- **Exercise aim**
Only the text of the entries below should be returned, exactly as given, without pictures.

***** Available data

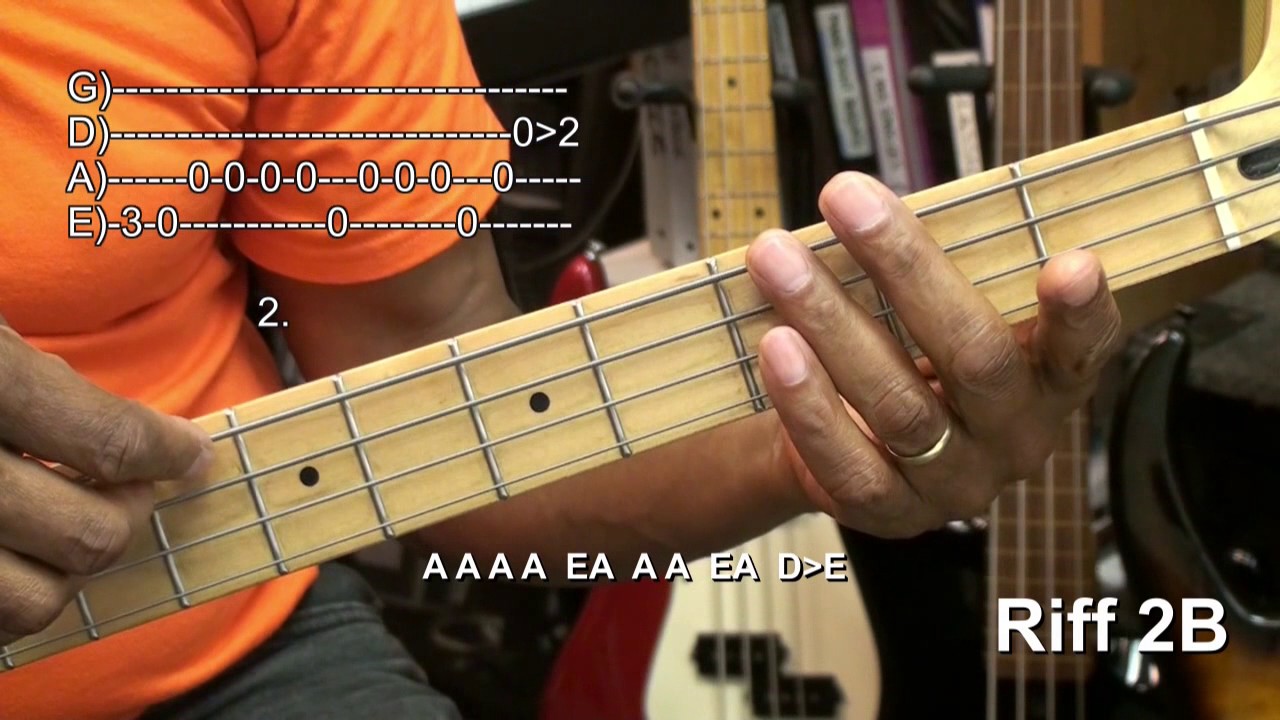GOOD TIMES Chic Bernard Edwards Style Bass Guitar Riff TABS Lesson 2 @EricBlackmonGuitar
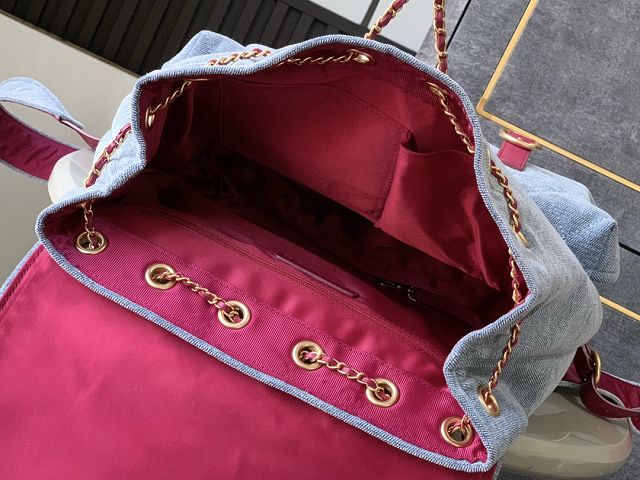 CC original denim backpack AS5471 blue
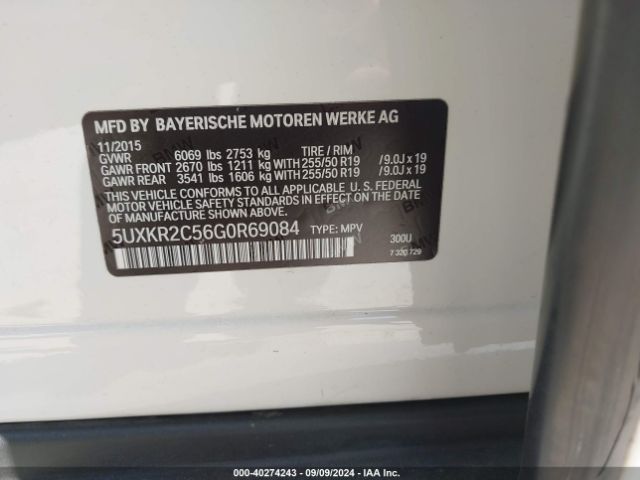 5UXKR2C56G0R69084 BMW X5 Sdrive35i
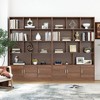 NicBex Wooden Tall Bookshelf Multifunctional Bookcase with Display Open Shelves,Books Storage Cabinet Organizer for Office,Bedroom - 4 of 4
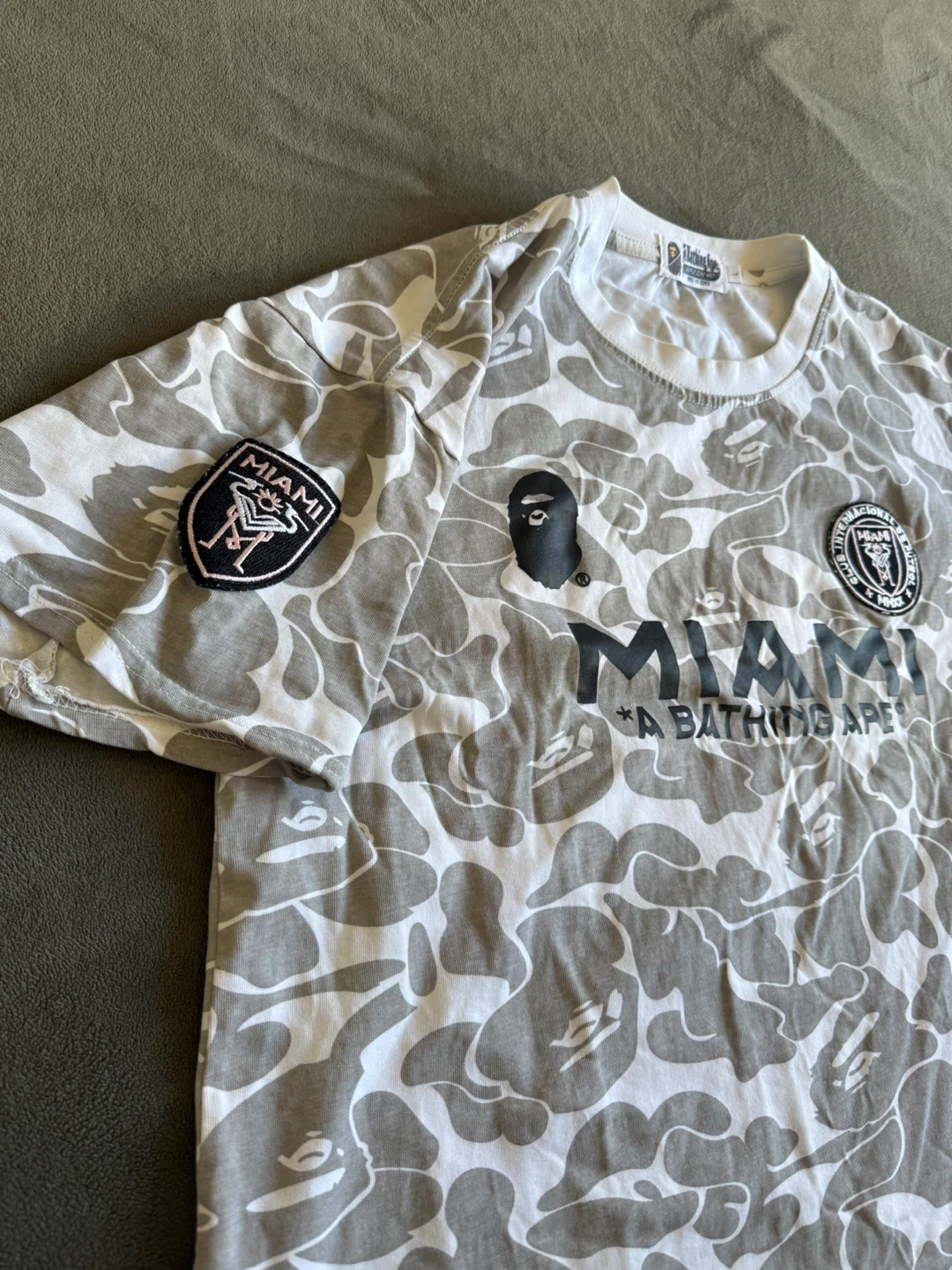 BAPE x Miami MLS Jersey T-Shirt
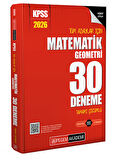 Pegem 2026 KPSS Tüm Adaylar İçin Matematik-Geometri 30 Deneme Tamamı Çözümlü Pegem Yayınları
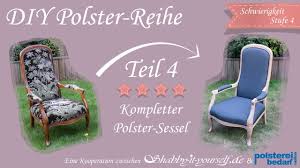So einfach die idee, so schlicht war der hintergrund: Einen Aufwendigen Sessel Selber Polstern Das Grosse Polster Tutorial Teil 4 Youtube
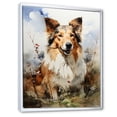 thumbnail image 2 of Designart "Countryside Collie" Animals Dog Floater Framed Canvas Art Print, 2 of 5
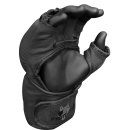 FOX-FIGHT Bullet12 MMA Handschuhe aus echtem Leder L black line
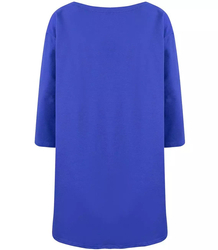 Oversize sweatshirt blouse longer back pocket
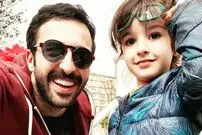 تصاویر دیده نشده از حسام محمودی به همراه همسر و فرزندش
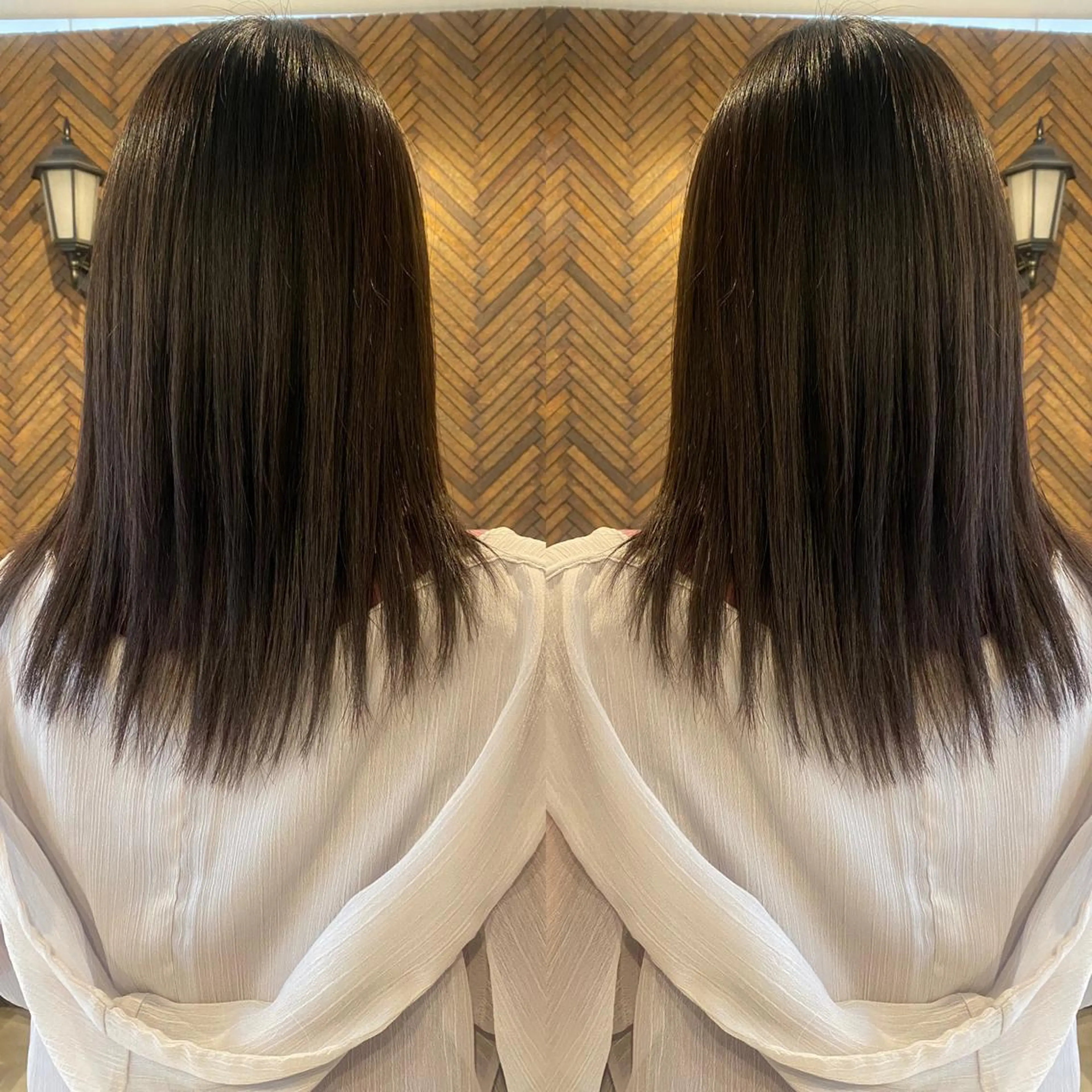 ロング パーマ カット 縮毛矯正 トリートメント tocca 💜石田愛結💜のヘアスタイル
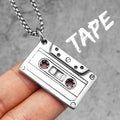 Rock Cassette Tape Stainless Steel Men Women Necklaces Pendants Chain Punk HipHop Fashion Jewelry Creativity Gift Wholesale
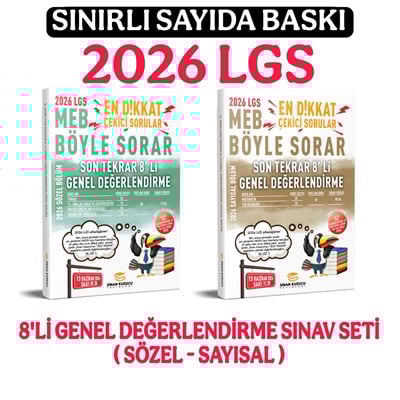 2026 LGS SON TEKRAR 8'Lİ GENEL DEĞERLENDİRME SINAVI SETİ ( SAYISAL - SÖZEL )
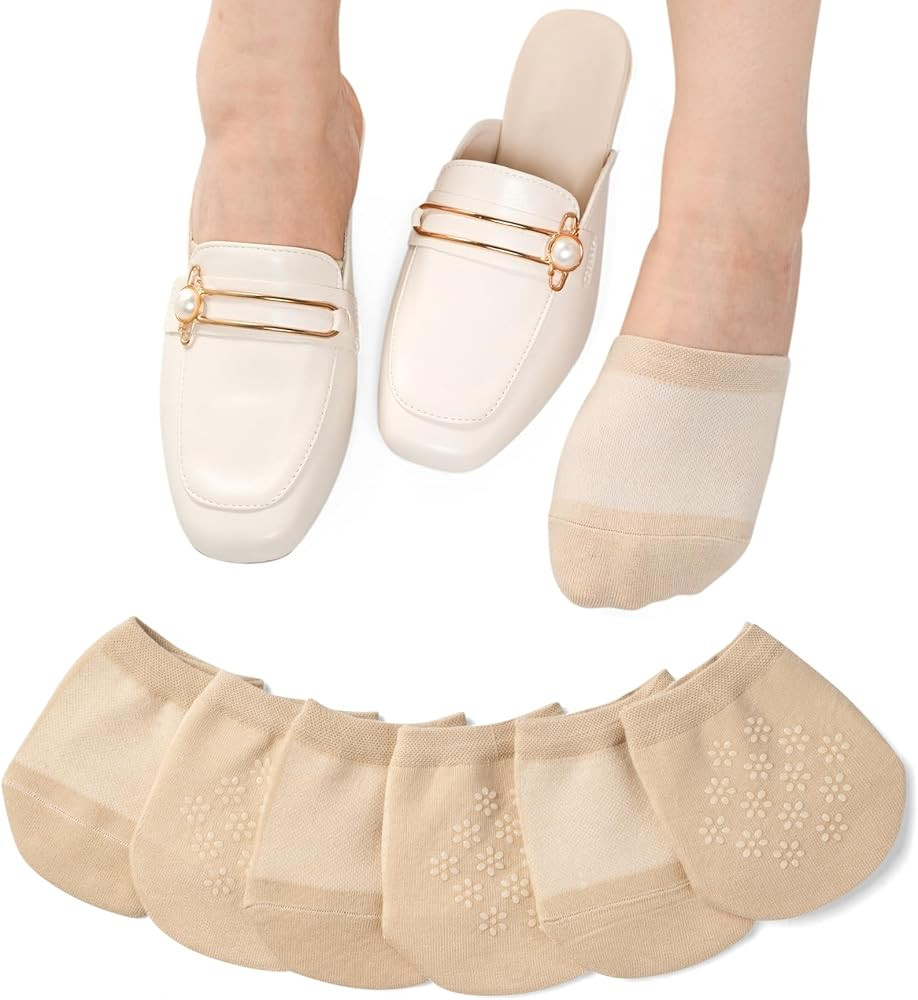 Toe Socks Womens for Mules, Half Socks Toe Topper Covers No Show Invisible Non-slip Liners for Cl... | Amazon (US)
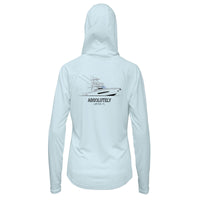Women’s Custom Hooded Boat Shirt – UPF 50+ Sun Protection | Made from Recycled Water Bottles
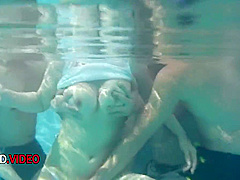 Hot Japanese Blowjob By The Pool: Suzuna Komiyas Big Tits Tease Before Intimate Oral Deli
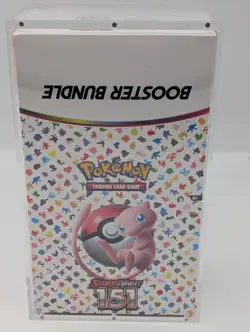 Pokemon 151 SV3.5 Booster Bundle Display Factory Sealed Case w/ Acrylic Case - Image 1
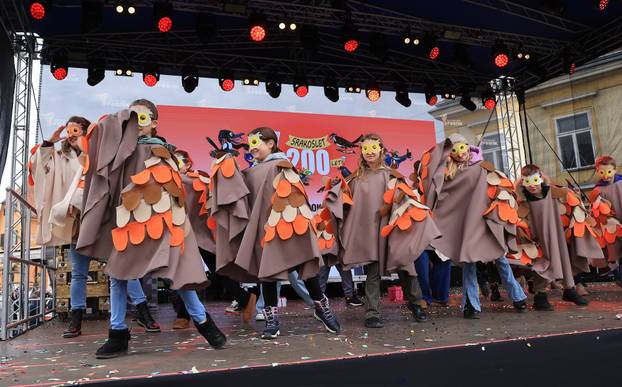 Samobor: Dječja povorka u sklopu 200. obljetnice Samoborskog fašnika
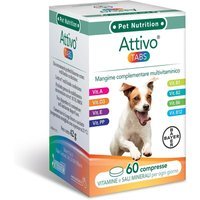 Bayer Attivo Tabs Mangime Complementare per Cani, 60 compresse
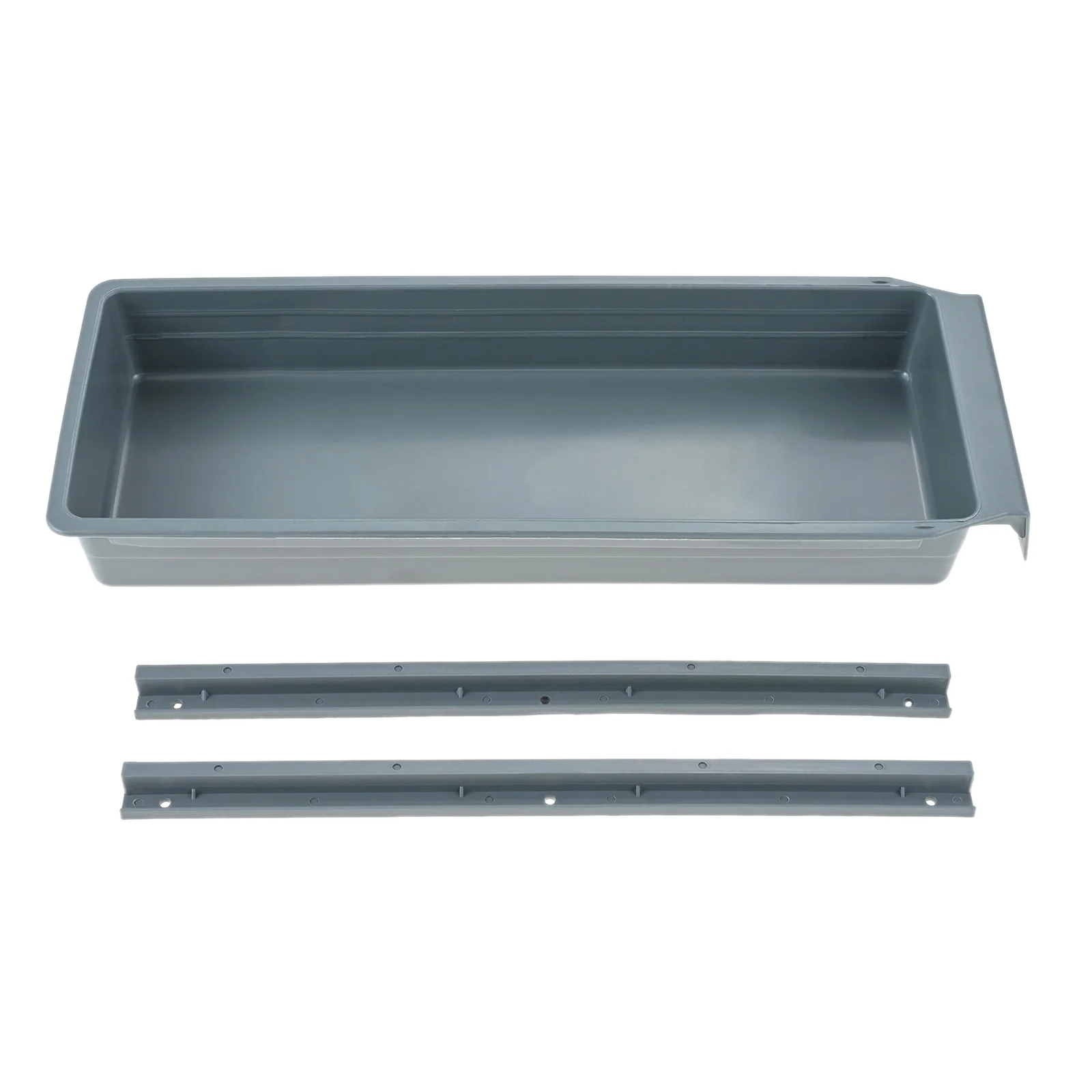 Desk Drawer Unit - Grey Drawer with Slider Box Industrial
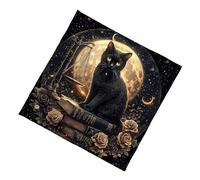 Tarots Tablecloth Divinations Table Cover Tarot Reading Oracles Board Game Mat Square Shape Pendulums Altars Table Cloth Fortunes Telling Cloth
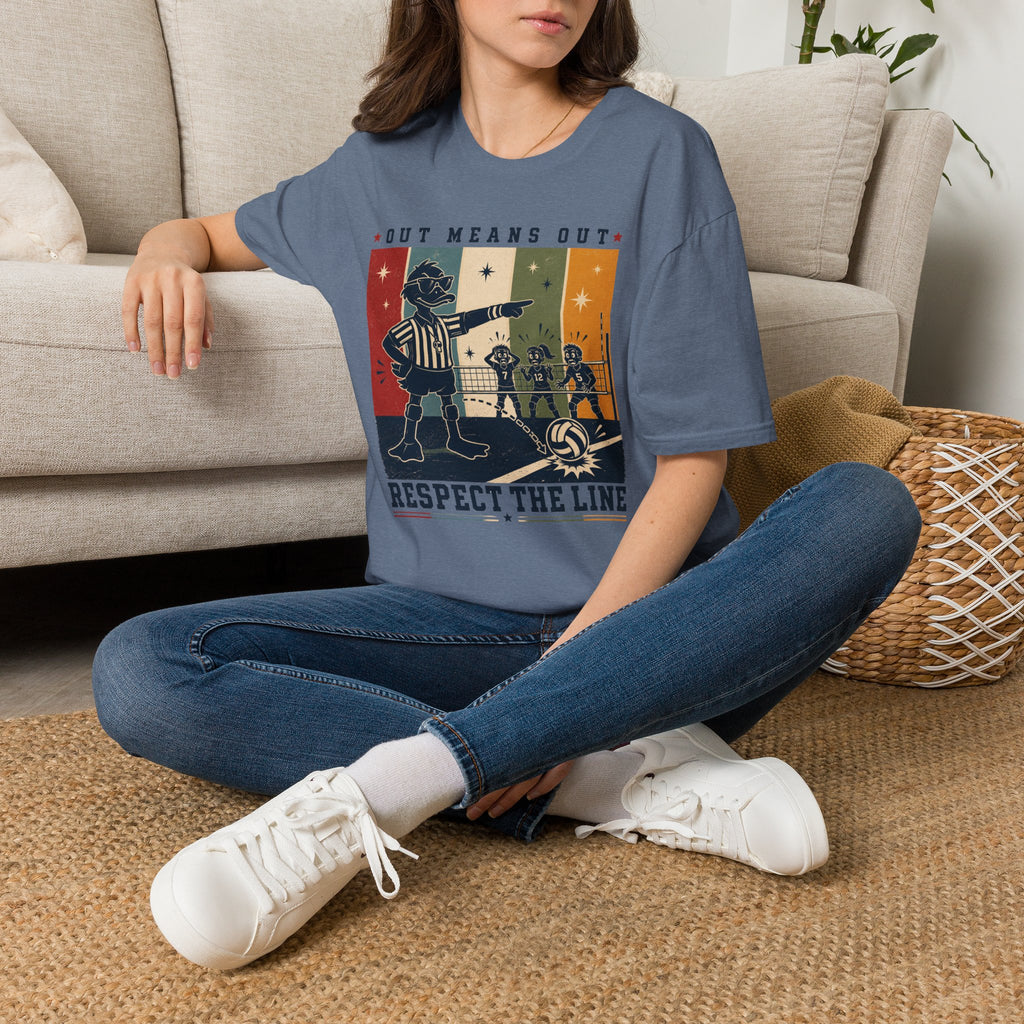 Respect The Line Volleyball T-Shirt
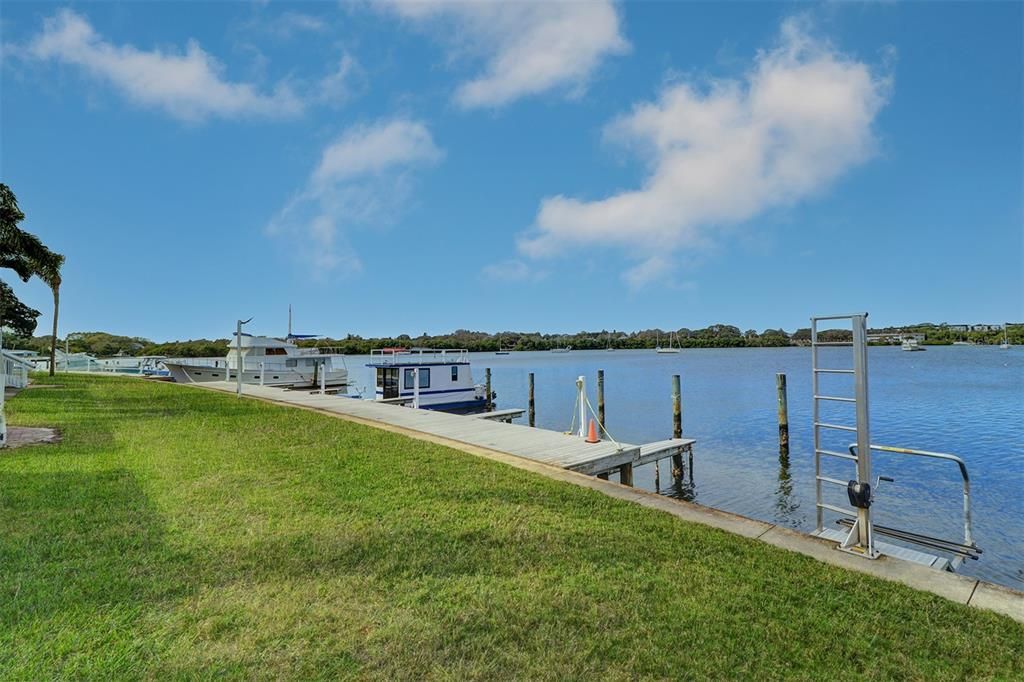 Waterside North on the Bayou (in the complex)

**********

- **Output of the task**
GOOD TIMES Chic Bernard Edwards Style Bass Guitar Riff TABS Lesson 2 @EricBlackmonGuitar
 CC original denim backpack AS5471 blue
 5UXKR2C56G0R69084 BMW X5 Sdrive35i
 NicBex Wooden Tall Bookshelf Multifunctional Bookcase with Display Open Shelves,Books Storage Cabinet Organizer for Office,Bedroom - 4 of 4
 BAPE x Miami MLS Jersey T-Shirt
 Pegem 2026 KPSS Tüm Adaylar İçin Matematik-Geometri 30 Deneme Tamamı Çözümlü Pegem Yayınları
So einfach die idee, so schlicht war der hintergrund: Einen Aufwendigen Sessel Selber Polstern Das Grosse Polster Tutorial Teil 4 Youtube
 thumbnail image 2 of Designart "Countryside Collie" Animals Dog Floater Framed Canvas Art Print, 2 of 5
 FOX-FIGHT Bullet12 MMA Handschuhe aus echtem Leder L black line
 Oversize sweatshirt blouse longer back pocket
 تصاویر دیده نشده از حسام محمودی به همراه همسر و فرزندش
 ロング パーマ カット 縮毛矯正 トリートメント tocca 💜石田愛結💜のヘアスタイル
 Rock Cassette Tape Stainless Steel Men Women Necklaces Pendants Chain Punk HipHop Fashion Jewelry Creativity Gift Wholesale
 2026 LGS SON TEKRAR 8'Lİ GENEL DEĞERLENDİRME SINAVI SETİ ( SAYISAL - SÖZEL )
 Toe Socks Womens for Mules, Half Socks Toe Topper Covers No Show Invisible Non-slip Liners for Cl... | Amazon (US)
Women’s Custom Hooded Boat Shirt – UPF 50+ Sun Protection | Made from Recycled Water Bottles
 Hot Japanese Blowjob By The Pool: Suzuna Komiyas Big Tits Tease Before Intimate Oral Deli
 Pokemon 151 SV3.5 Booster Bundle Display Factory Sealed Case w/ Acrylic Case - Image 1
 Samobor: Dječja povorka u sklopu 200. obljetnice Samoborskog fašnika
 Bayer Attivo Tabs Mangime Complementare per Cani, 60 compresse
 Desk Drawer Unit - Grey Drawer with Slider Box Industrial
 Tarots Tablecloth Divinations Table Cover Tarot Reading Oracles Board Game Mat Square Shape Pendulums Altars Table Cloth Fortunes Telling Cloth
 Respect The Line Volleyball T-Shirt
 Waterside North on the Bayou (in the complex)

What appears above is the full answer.